A 2005 attempt to pass a parcel tax in the district failed, receiving 60% of the vote versus the two-thirds supermajority vote vote that was required. The 2005 question asked for a $140/year parcel tax that would have lasted for 10 years.[3]

A two-thirds supermajority vote required for the measure to be enacted.

Election results

Measure B
Approveda Yes 7,002 70.79%
These final, certified results are from the Santa Clara County elections office.



Measure B had been endorsed by Congressman Mike Honda, D-Calif; Sen. Ellen Corbett, D-San Leandro; Assemblyman Alberto Torrico, D-Fremont; Santa Clara County Supervisor Dave Cortese; and the Milpitas City Council by a 4-1 vote.[3]
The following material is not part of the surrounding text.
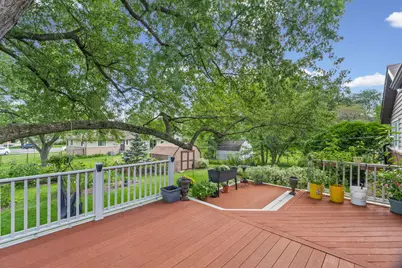 545 Newark Lane, Hoffman Estates, IL 60169 - Photo 22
Milpitas Mayor Bob Livengood, Vice Mayor Pete McHugh and Councilwoman Althea Polanski also supported the Measure B tax.[4]

A "Friends of Milpitas Schools" group had formed to support Measure B. The group had a seven-member executive committee and a 24-member community committee. Marsha Grilli, who was also the president of the Milpitas Board of Education, was the co-chair of the advocacy organization's executive committee.[3] The campaign committee had raised about $65,000 through the end of April.

Arguments in favor

Assistant Superintendent Cheryl Johnson said that the school district had "been cutting since about 2002, and eliminated close to $13 million in programs," including library, counselor, and elementary music programs. Passing the parcel tax would help the district avoid further cuts, she said.[5]
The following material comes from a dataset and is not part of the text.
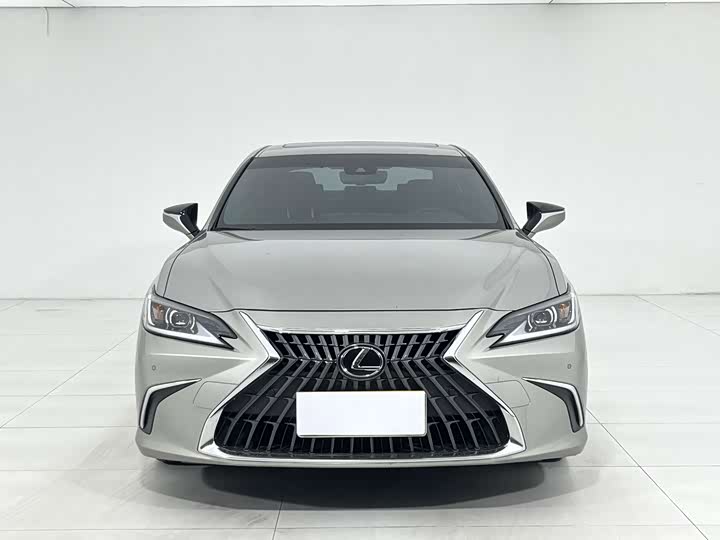 Lexus ES 2024 200 Premium - zdjęcie 12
The San Jose Mercury News endorsed a "yes" vote on Measure B, saying, "Without an extra $1.6 million from the tax, the district will increase class sizes in early grades, eliminate elementary science teachers and shorten the school year. Voters shouldn't let that happen."[6]



Official ballot guide arguments against Measure B were submitted by:

  • Brian Darby, chair of the Libertarian Party of Santa Clara County.
  • Doug McNea, president of the Silicon Valley Taxpayers Association
  • Al Newman, a Milpitas resident.

Arguments against

Their argument against Measure B said, "Record numbers of Milpitans are unemployed. Record numbers are threatened with the loss of their homes. Yet in the face of these threats, the school district wants to increase the burden on taxpayers. The school district wants to make Milpitas a less affordable, less attractive place to live."[3]
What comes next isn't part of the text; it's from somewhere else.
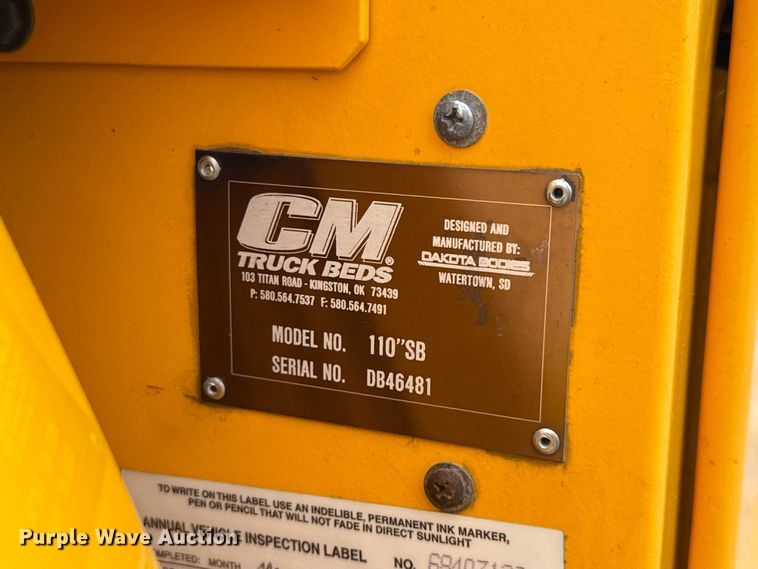 image for item ET6285 2020 Ford F350 Super Duty utility bed pickup truck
The argument against Measure B went on to say, "In 2005 the school district claimed that a 'budget crisis' was looming and they needed a parcel tax. After that attempt failed, the district raised salaries 7 percent in one year, nearly 17 percent from 2005 to 2009. The superintendent's salary went from $154,110 in the 2004-05 school year to $207,104 today a 34 percent increase. These are not the signs of a school district that truly believed they were dealing with a budget crisis."[3]

Helen McDermont of Milpitas spoke out against Measure B in the local press, writing, "Finally, a yes vote on Measure B is a vote for more intense lobbying on future taxes. The more money we give to grow the school bureaucracy, the more lobbying, for ever more taxes will await us next time around. Real per pupil education spending, and taxes, in California have been going up, and up, and up in the past 30 years, yet education quality remains at the same mediocre levels."[7]

Text of measure

The question on the ballot:

Milpitas Unified School District high quality education and local control measure

To help protect local schools from state budget cuts; provide revenue to stabilize local school funding; help maintain existing math, science, engineering, arts, music, athletic programs and smaller class sizes; and help prevent reduction in classroom instruction days, shall the Milpitas Unified School District assess an annual parcel tax of $84 for 5 years, with annual audits, exemptions for senior citizens, no money for district office administrators, and citizen oversight?[8]


Fairbank, Maslin, Maullin, Metz & Associates conducted a poll to learn about how voters in the district are likely to view a parcel tax in October 2009. The school district paid the consulting firm $20,000 for their work on the poll.[9]